The age of the universe much older
The following is my Sunday thought, and it came to me in the last half hour.
I have long been wondering about what is going on with our universe and our current interpretation of it. Of course, I have a theory about the large-scale structure of the universe: that it is a fractal, an inverted fractal. That theory has had no traction, but it allows me to think freely, perhaps more freely than others. And I have no skin in the game.
The following are my thoughts this morning on the age of the universe.
I have recently been thinking that we are getting a distorted picture (more than we think) of the universe and are not taking into account special relativity at its outer reaches. I also think that our current age of the universe — 13.8 billion years old — is too young. I think this number is about as wrong as thinking the Earth is 3000 or 4000 years old. I think we need to be thinking 'deep cosmic time', like Hutton's geological deep time, and if this is true then the age of the universe will be older by magnitudes of several thousand.
What is more, I don't think there has been enough time for us to get all the elements of the elementary table that we have on Earth. We have them all, and they have been produced in some 14 billion years. Those elements had to have come before the formation of our star, the Sun, so that leaves only eight or 9 billion years. And from my quick evaluation of our galaxy, it doesn't appear to be many element-producing stars. Something is wrong, and I'd really like to discuss it. At least open the discussion to new thinking.
Here are my thoughts from this morning.
What if we assume the CMB is valid but not its current conjectured age and position? It is believed that the universe has cooled from an 'infinitely hot beginning' to its current, CMB, 2.7 Kelvin.
Also, what if we assume that Hubble's red-shifting, expanding universe is also valid.
I think because there is a discrepancy between visual observations of galaxies at the outer reaches of the known universe right near the Big Bang CMB I said to be, there has to be a rethink.
This is what I think.
That the universe is much older, and a clue may be in the CMB. How long would it really take for the universe to cool down if we use red-shifting principles? That is to say, even at the outermost reaches, we can still see galaxies in visible just before they redshift to the infrared. Use those principles to calculate how long it would take to cool from an extremely high temperature to 2 Kelvin. A long time — deep time, and that is what I think the universe is telling us.
With respect to the observations of galaxies by the James Webb space telescope, I think they may be frozen because of special relativity. Yes, they are snapshots of the past, but that past is frozen. In reality, they have moved on more than we think. I think the only reliable or useful Hubble numbers are the red shifting in the near universe.
Beyond that, I think the universe takes on a hierarchical structure, assembling the growth of what is called a fractal. Observation seems to show this. This does challenge the cosmological principle, but that is not my problem.
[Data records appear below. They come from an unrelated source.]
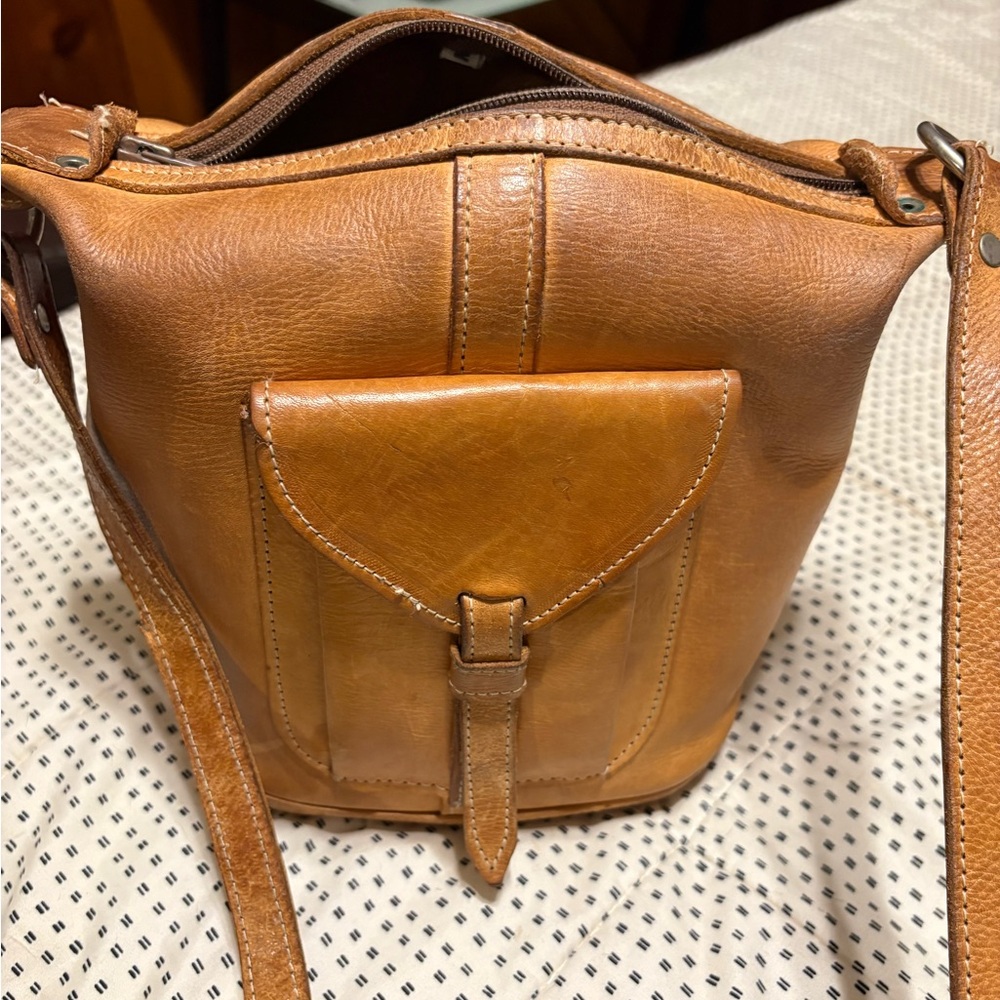 Source Unknown Tan Leather Crossbody Bag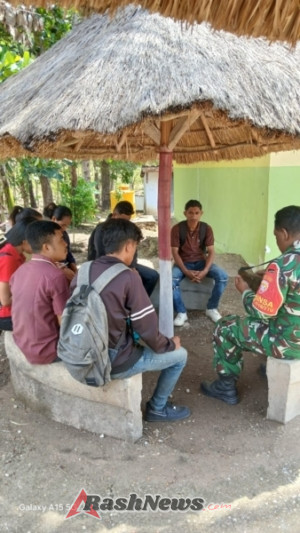 Mahasiswa Unimor Dapat Arahan Babinsa Tentang Pentingnya Disiplin dan Semangat Belajar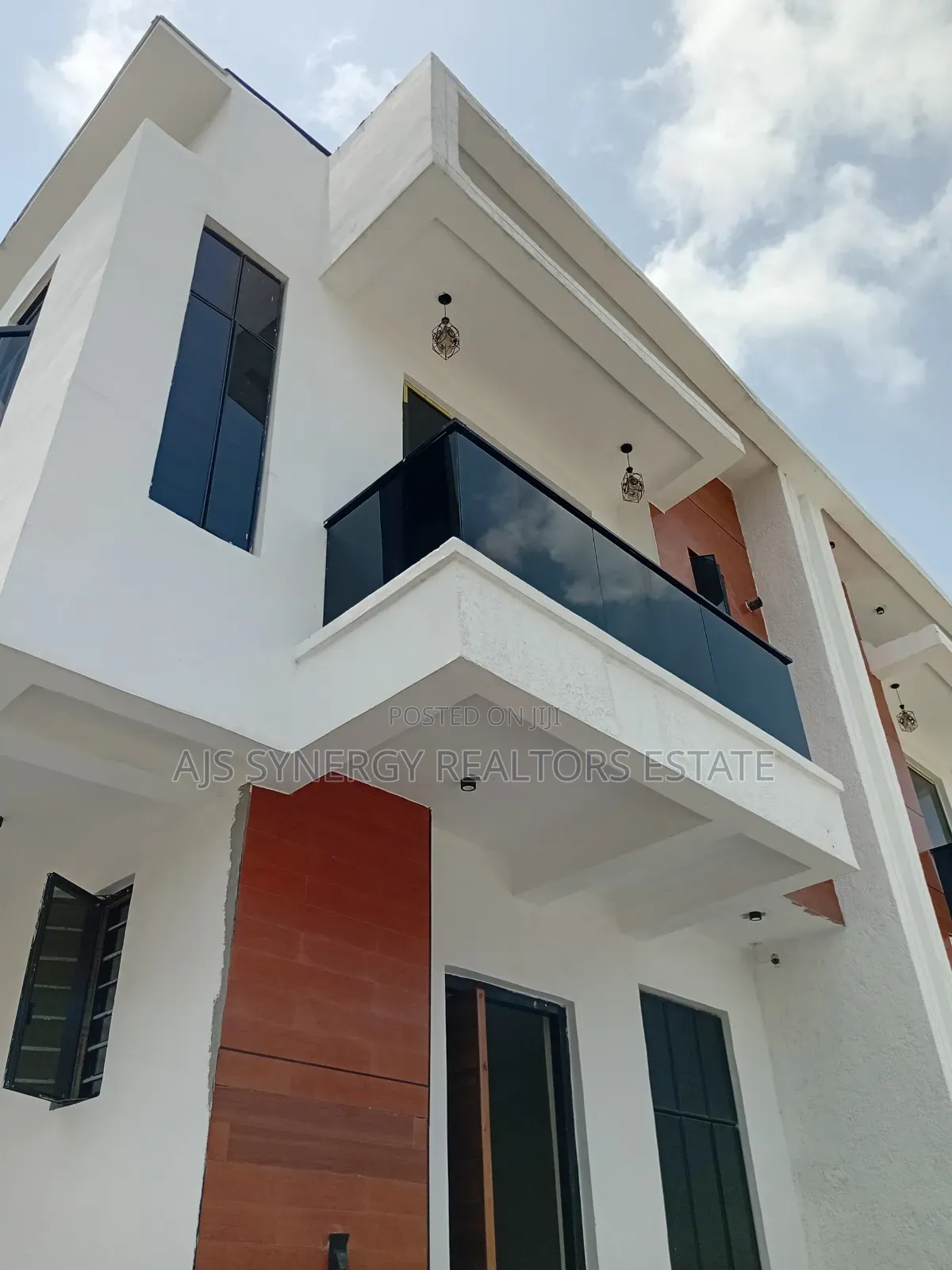 4bdrm Duplex in Sunshine, Sangotedo for sale in Sangotedo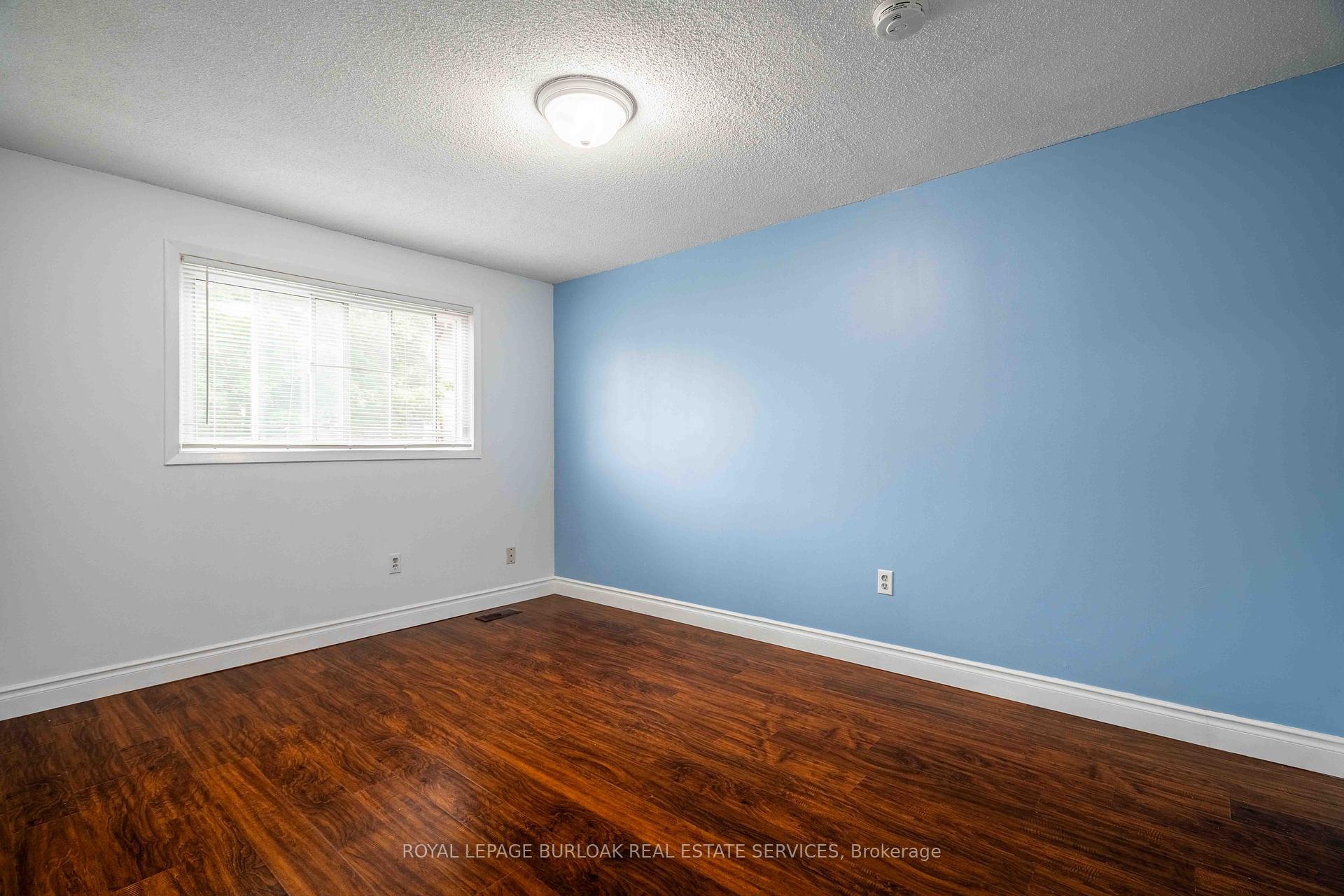 4 Bedrooms Condo at 117 Bonaventure, Hamilton For sale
Of course, I can see problems with what I'm suggesting, but I would sure like to discuss it. I have long been thinking that the CMB is just a red herring and may have to go. That it is only a property of the universe but nothing special. This is not me saying that there was no Big Bang; it's just saying that it, the Big Bang, is far further out and far further back in time than we think. There had to be a Big Bang origin, just as the standard model says. But on the other hand, I look at what the fractal tells me, and it tells me that things are emergent. That the universe should be bottom-up, just like an economy. So I still have a lot of thinking to do.
My thoughts for the day. Have a nice one.